Solde des agents publics : l’ANINF dément toute ingérence étrangère



2026-01-23 17:34:00

Face à des propos relayés sur les réseaux sociaux mettant en cause la souveraineté du système de paiement des salaires de l’État, l’ANINF oppose un démenti formel et rappelle les garanties institutionnelles qui encadrent le traitement de la solde publique au Gabon.

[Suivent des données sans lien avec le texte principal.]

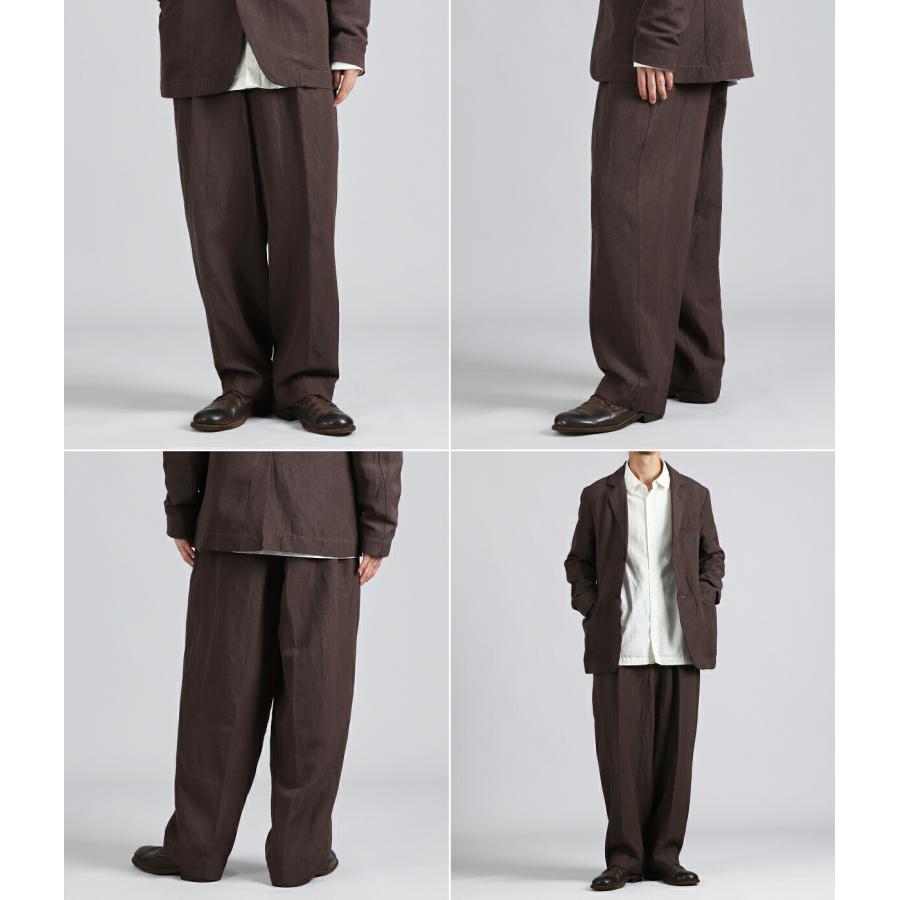 CASEY CASEY / ケイシー ケイシー ： SIERRA PANT / 全2色 ： 27HP322 | CASEY CASEY | 02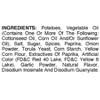 Utz Potato Chips Red Hot, 2.75 oz - 3 of 3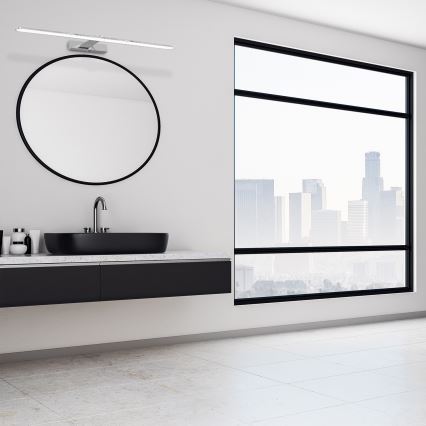 Φως καθρέφτη μπάνιου LED SPLASH LED/12W/230V IP44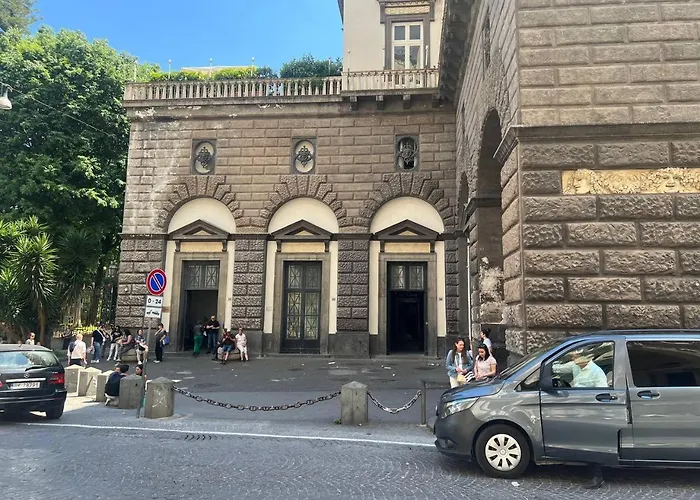Casa Giulia Piazza Plebiscito Appartamento *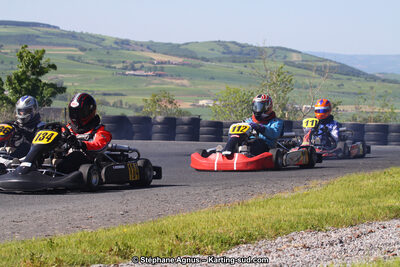 13/05/2012 : 4ème manche du Championnat du Sud 2012 à Belmont (Photos Stéphane Agnus) 2012 — karting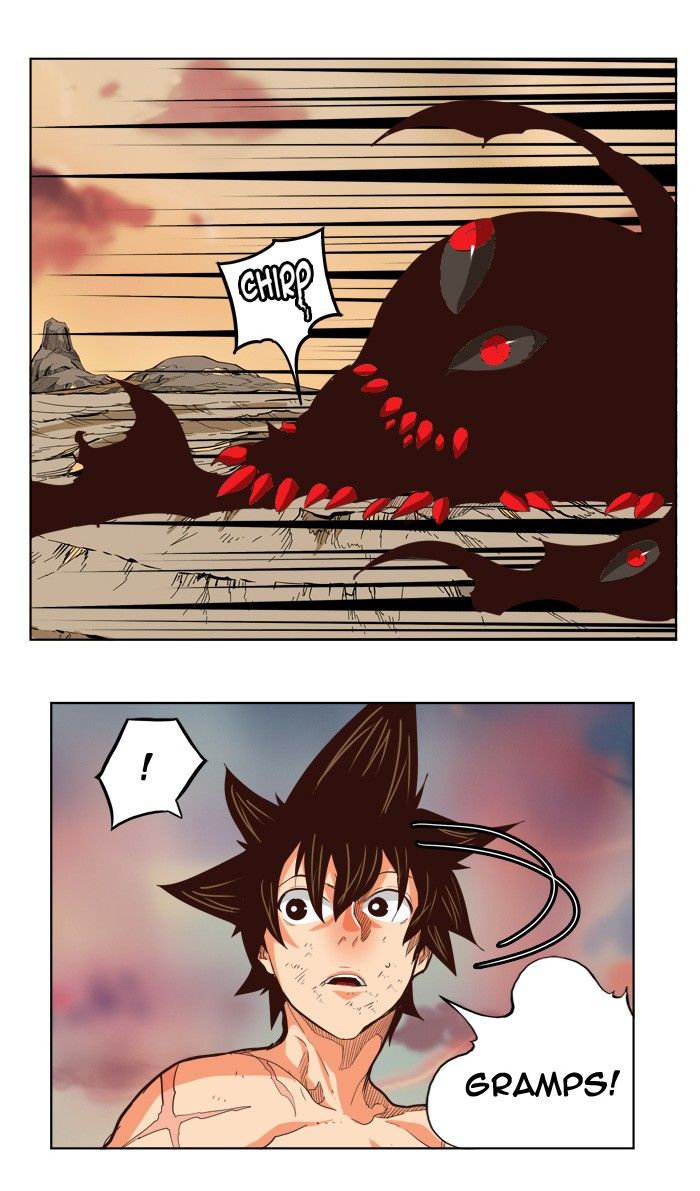 The God of High School chapter 297 page 13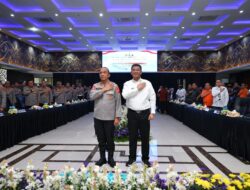 Sebanyak 26.692 Personel Gabungan Disiagakan Amankan Arus Mudik di Jabar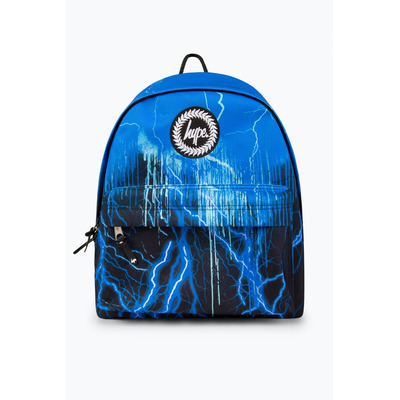 Hype Hype Boys Blue Storm Drips Backpack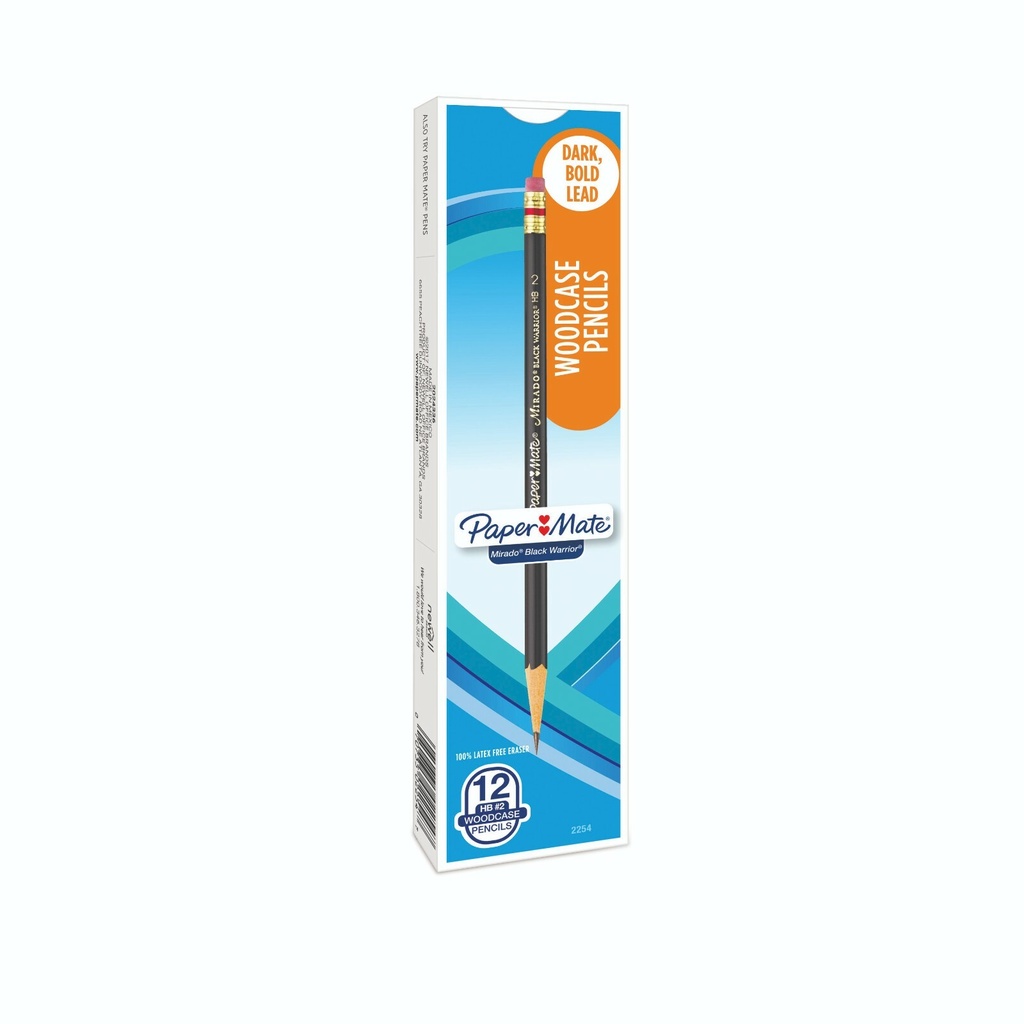 Caja Lapiz paper mate
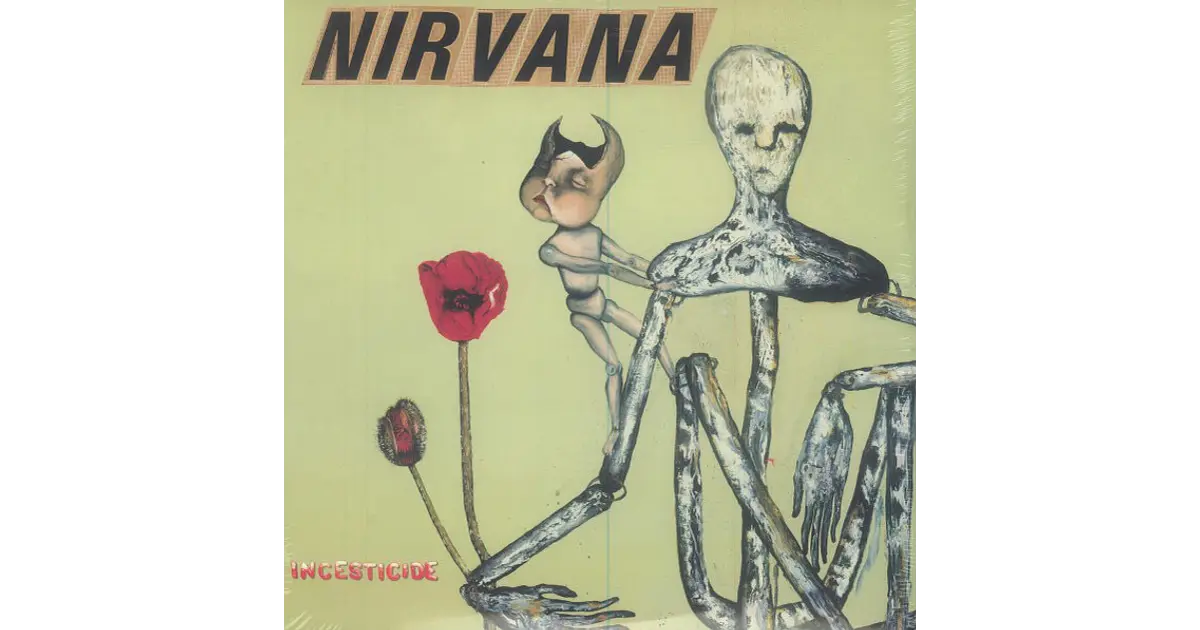 VINILO NIRVANA / IN BLOOM COLLECTION 1LP VARIANTE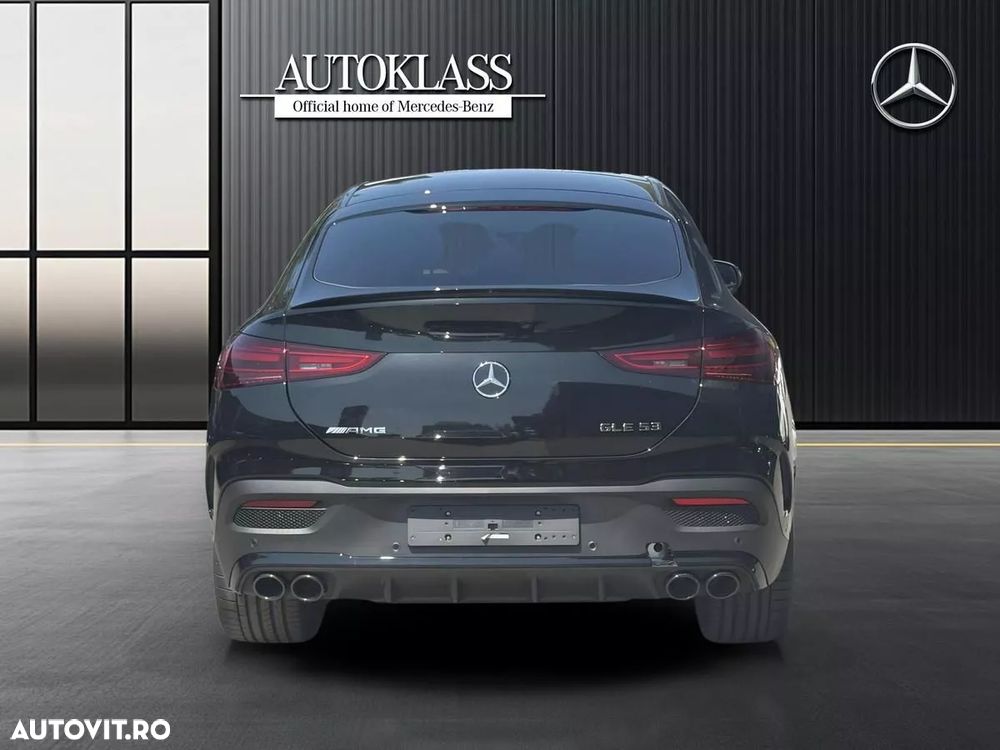 Mercedes-Benz GLE AMG 53 4MATIC+ MHEV - 4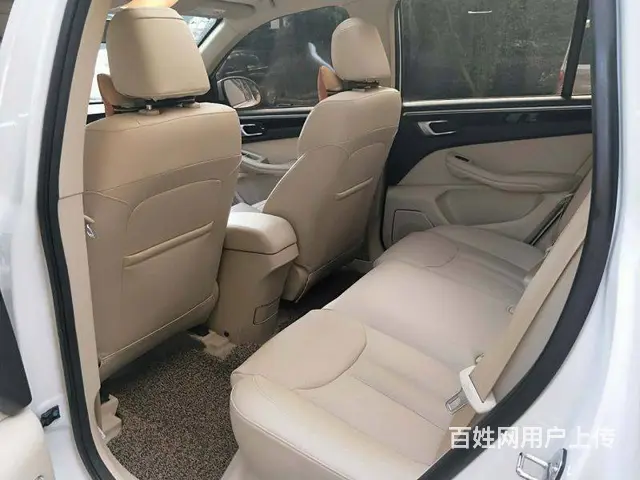 众泰 大迈X5 2017款 1.5T 无级 升级版 - 图片 7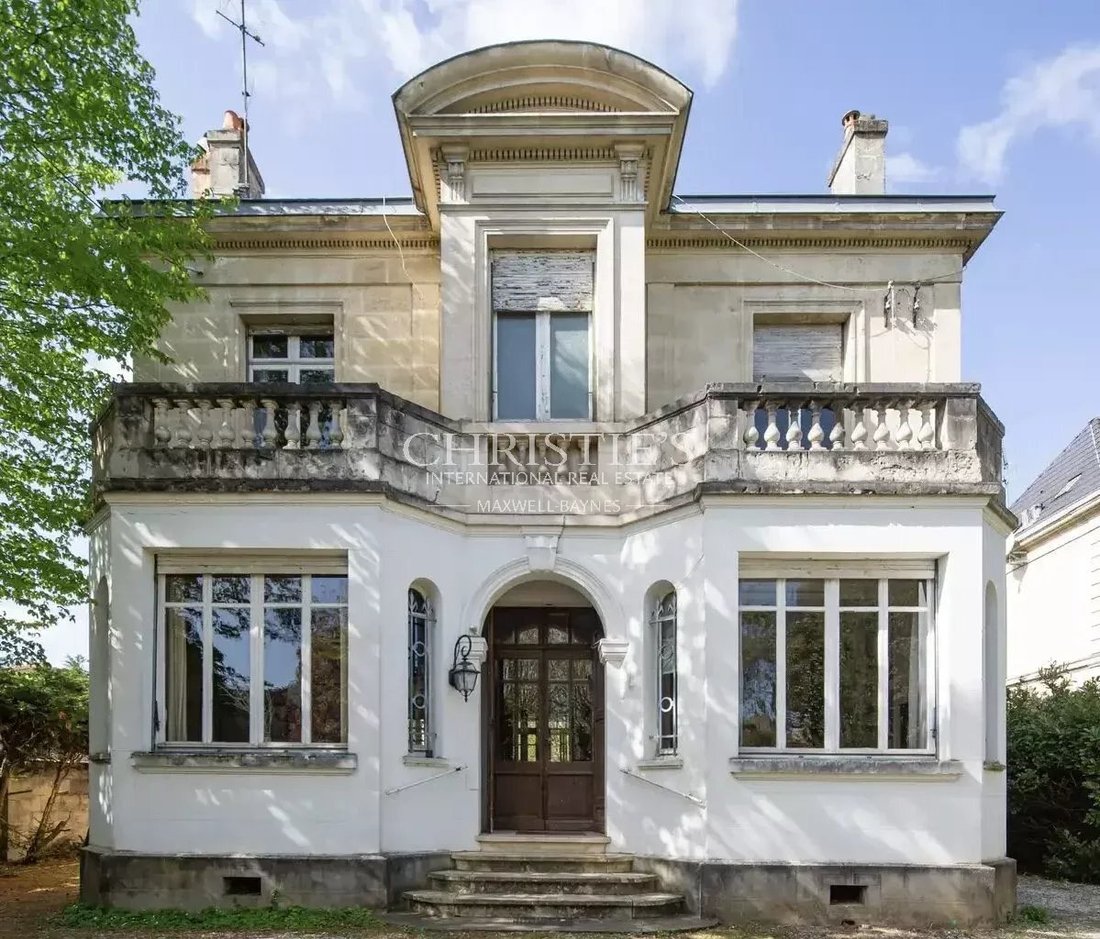 Maison à Marceau-Tivoli, Le Bouscat, France 2 - 18784541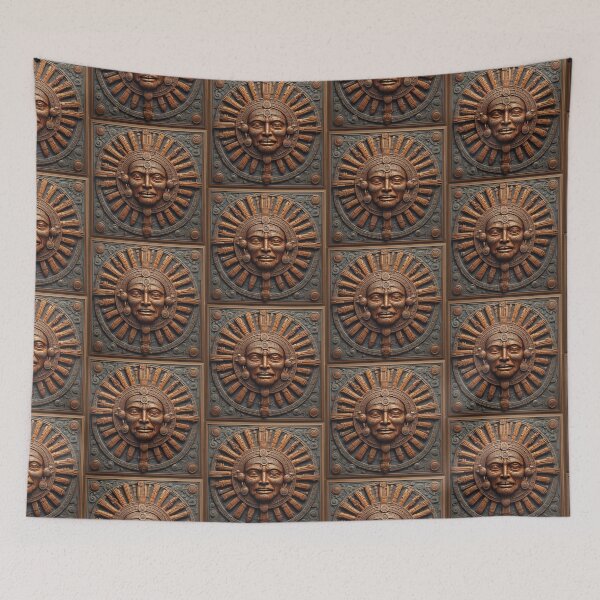 Item preview, Aztec God designed and sold by Bondillero.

Une vidéo largement relayée sur les réseaux sociaux attribue à Monsieur Pierre Mintsa, leader syndical, des propos affirmant que le traitement de la solde des agents de l’État serait assuré par une entreprise marocaine et donc « aux mains des Marocains ». Des allégations immédiatement démenties par l’Agence Nationale des Infrastructures Numériques et des Fréquences (ANINF), qui parle d’affirmations infondées et contraires à la réalité institutionnelle.

Dans un communiqué ferme, l’ANINF rappelle que la solde mensuelle des agents de l’État est traitée à partir du Fichier Unique de Référence (FUR), une application de l’administration gabonaise, conçue par la Direction générale des services informatiques (DGSI), devenue aujourd’hui l’ANINF. Cet outil, en service depuis plus de vingt ans, constitue le socle central du dispositif de paie publique. Il est exploité exclusivement par des agents gabonais dûment habilités, dans le strict cadre des missions de service public, et selon des règles de gestion conformes aux normes de sécurité et de souveraineté de l’État.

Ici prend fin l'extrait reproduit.